## AIM OF THE TASK
If pictures appear in the lines below, skip them and copy exactly the lines from the one containing "Master makeup artist" through the one containing "A very similar", and nothing else.

Records from a data source
- Opening Delimiter -

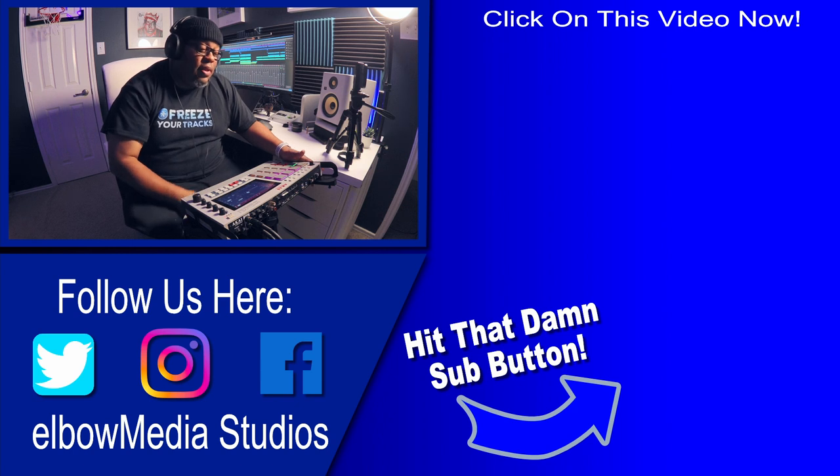It's your boy Elbow, man. I appreciate y'all coming by and checking out this video. Hopefully y'all learned something and I will catch y'all in the next one.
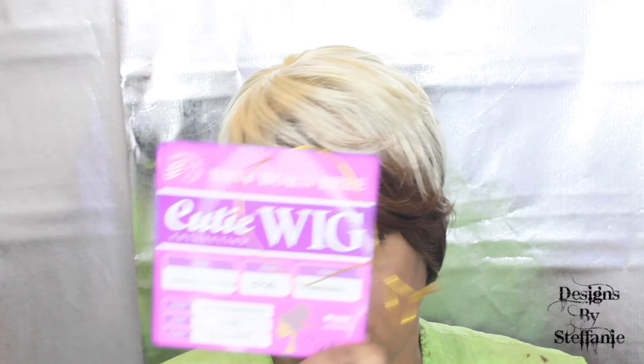I hope that you guys enjoy it. I got this from samsbeauty.com. I will list all the information in the description box below. I think it was like $15, maybe something like that. All that information will be below — the link to Sam's Beauty as well as other websites where you can purchase it. Again, it is the Cutie Wig Collection, Style Cutie Collection 23, in color FH427613. That's the end of the video. I did a little bit of tweaking — I just cut a little bit of layers through here. That is about it because you cannot style it; you cannot put any heat to it.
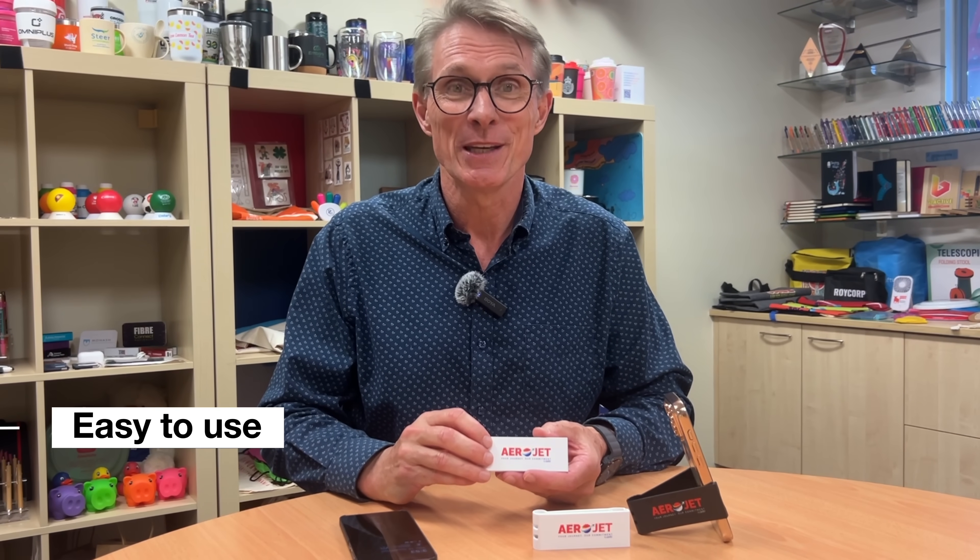Thanks for your interest in our grip clip phone holder, which is supplied and decorated here in beautiful Brisbane. It's the best mobile phone accessory you will find in the market, bar none, and so easy to use.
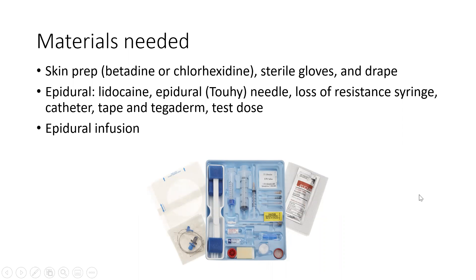First, you will grab your materials, which include skin prep, sterile gloves, and drape, your epidural, and the epidural infusion.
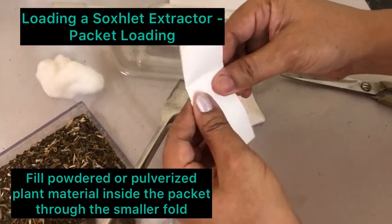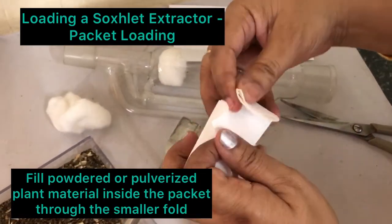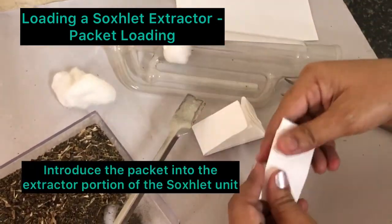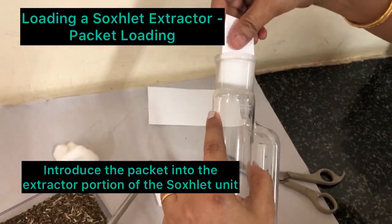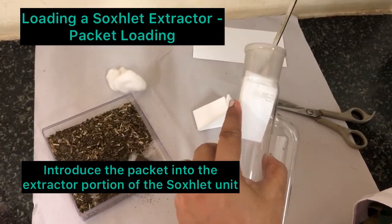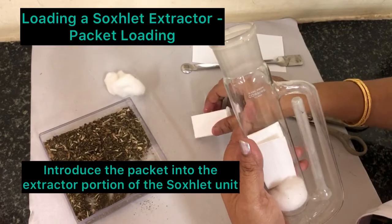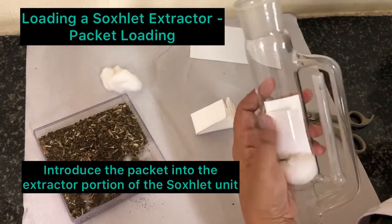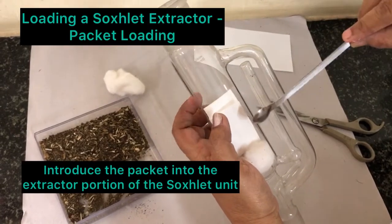As much as it fills inside this cavity, you can fold it back so that it completely makes a packet. Then take this, plug in cotton, and then push it inside like this. You can see that the larger fold is facing downwards, and the smaller fold is closing it.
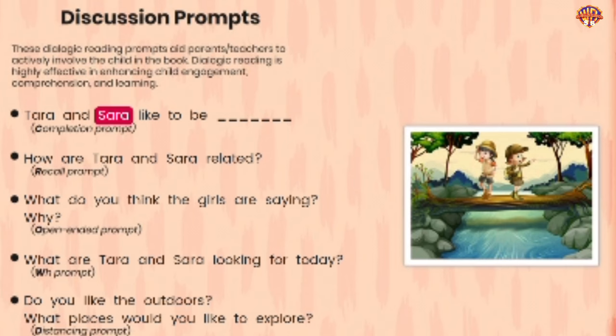Comprehension questions: Tara and Sarah like to be outdoors. How are Tara and Sarah related? What do you think the girls are saying? What are Tara and Sarah looking for today? Do you like the outdoors? What places would you like to explore?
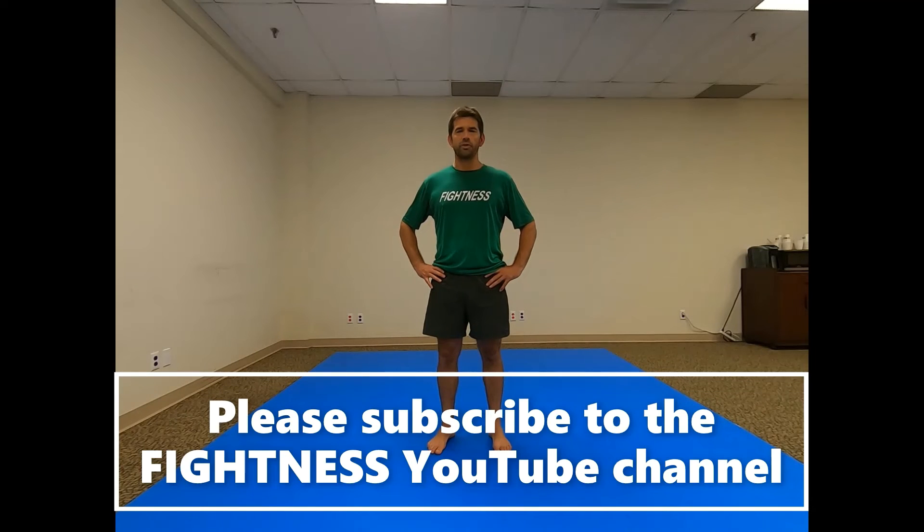If you found this video useful and you want to see more, please subscribe and hit the notification bell. We upload videos at least once a week. Thanks for watching.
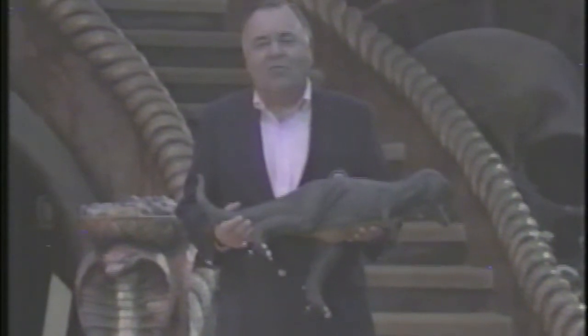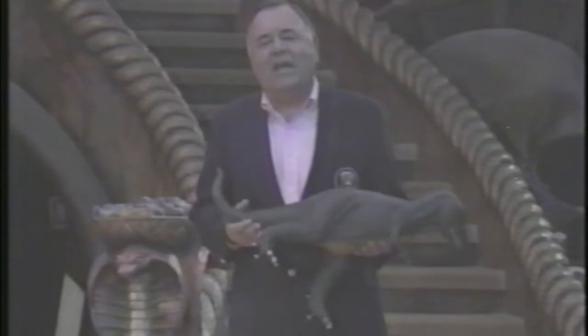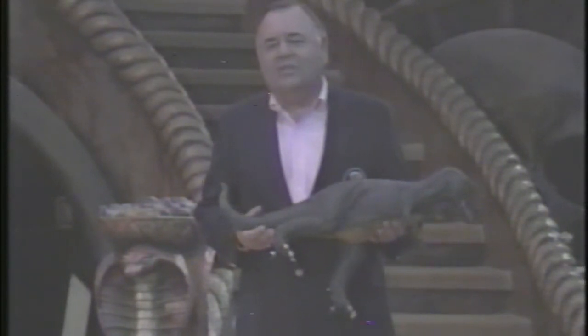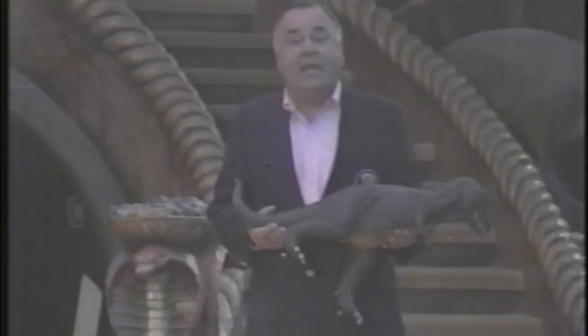Master makeup artist Rick Baker has made werewolves in An American Werewolf in London, monkeys in Greystoke, and aliens in Star Wars. But his career really started when the mechanical King Kong designed for the 1976 remake simply couldn't do what the director needed.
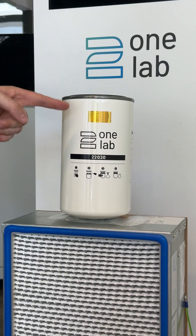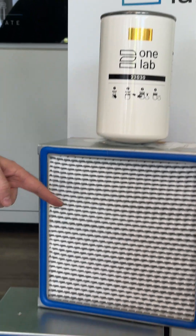Next step, you change the filter. You change the exhaust filter, the pre-filter, and the main filter from the system.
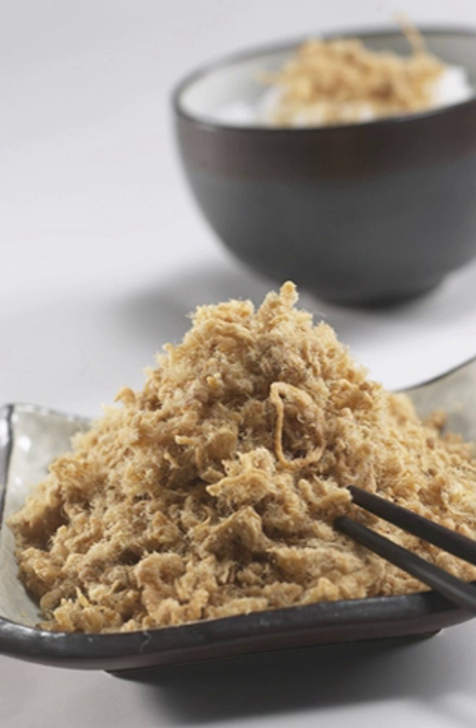A very similar product is pork-foo, also known as ru-foo or ba-hu, which is less fried and less shredded than roosong, and has a more fibrous texture.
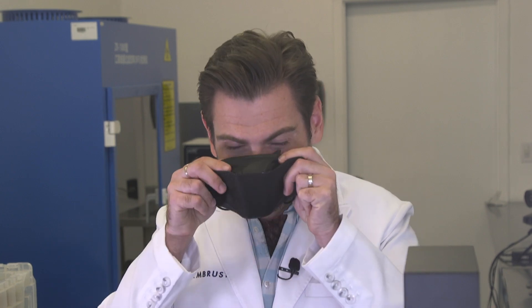I'm putting this on. The nose wire isn't very great on this, I can tell. And the mask feels very cheaply put together. That's pretty good — it's a good fit, actually.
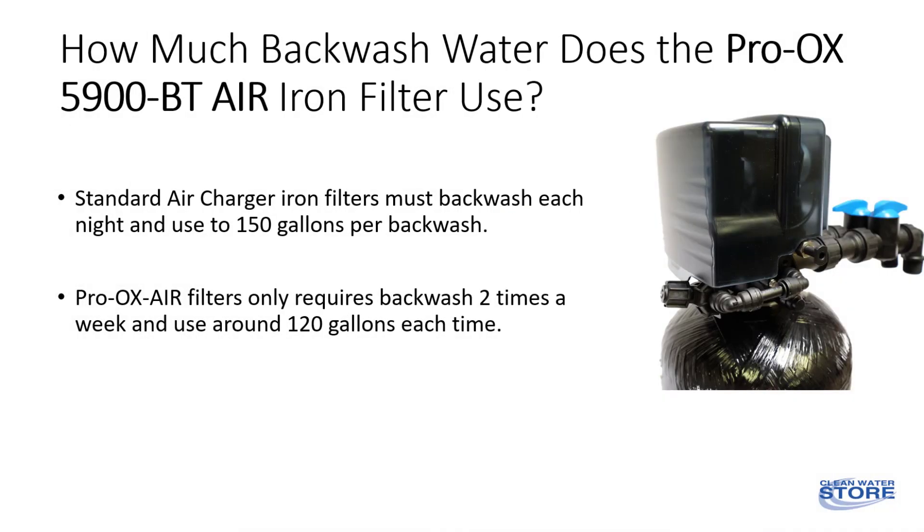Standard air charger systems must backwash each night and use up to 700 gallons a week. The Pro-Ox air system only requires backwashing twice a week and uses about 100 gallons each time, which saves thousands of gallons of water over standard iron filters.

- Closing Delimiter -

## COMPLETED TASK
Master makeup artist Rick Baker has made werewolves in An American Werewolf in London, monkeys in Greystoke, and aliens in Star Wars. But his career really started when the mechanical King Kong designed for the 1976 remake simply couldn't do what the director needed.
Next step, you change the filter. You change the exhaust filter, the pre-filter, and the main filter from the system.
A very similar product is pork-foo, also known as ru-foo or ba-hu, which is less fried and less shredded than roosong, and has a more fibrous texture.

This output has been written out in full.